(Prompt)
Using the material that follows, output exactly the lines from the one containing "We're now at" through the one containing "If the defender", with both ends kept.

(Records provided)
Content starts
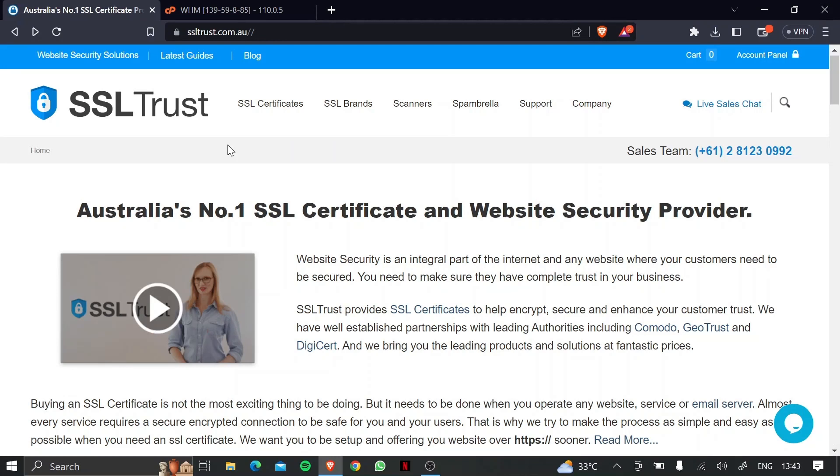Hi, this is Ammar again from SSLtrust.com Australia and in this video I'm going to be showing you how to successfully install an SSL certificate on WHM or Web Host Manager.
Content ends
Content starts
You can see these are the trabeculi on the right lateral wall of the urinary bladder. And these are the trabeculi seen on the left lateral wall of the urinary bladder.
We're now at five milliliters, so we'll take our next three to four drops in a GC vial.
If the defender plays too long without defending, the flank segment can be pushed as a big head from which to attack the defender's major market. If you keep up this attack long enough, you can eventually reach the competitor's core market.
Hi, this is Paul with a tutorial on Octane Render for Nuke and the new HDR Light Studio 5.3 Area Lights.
Content ends
(Reply)
We're now at five milliliters, so we'll take our next three to four drops in a GC vial.
If the defender plays too long without defending, the flank segment can be pushed as a big head from which to attack the defender's major market. If you keep up this attack long enough, you can eventually reach the competitor's core market.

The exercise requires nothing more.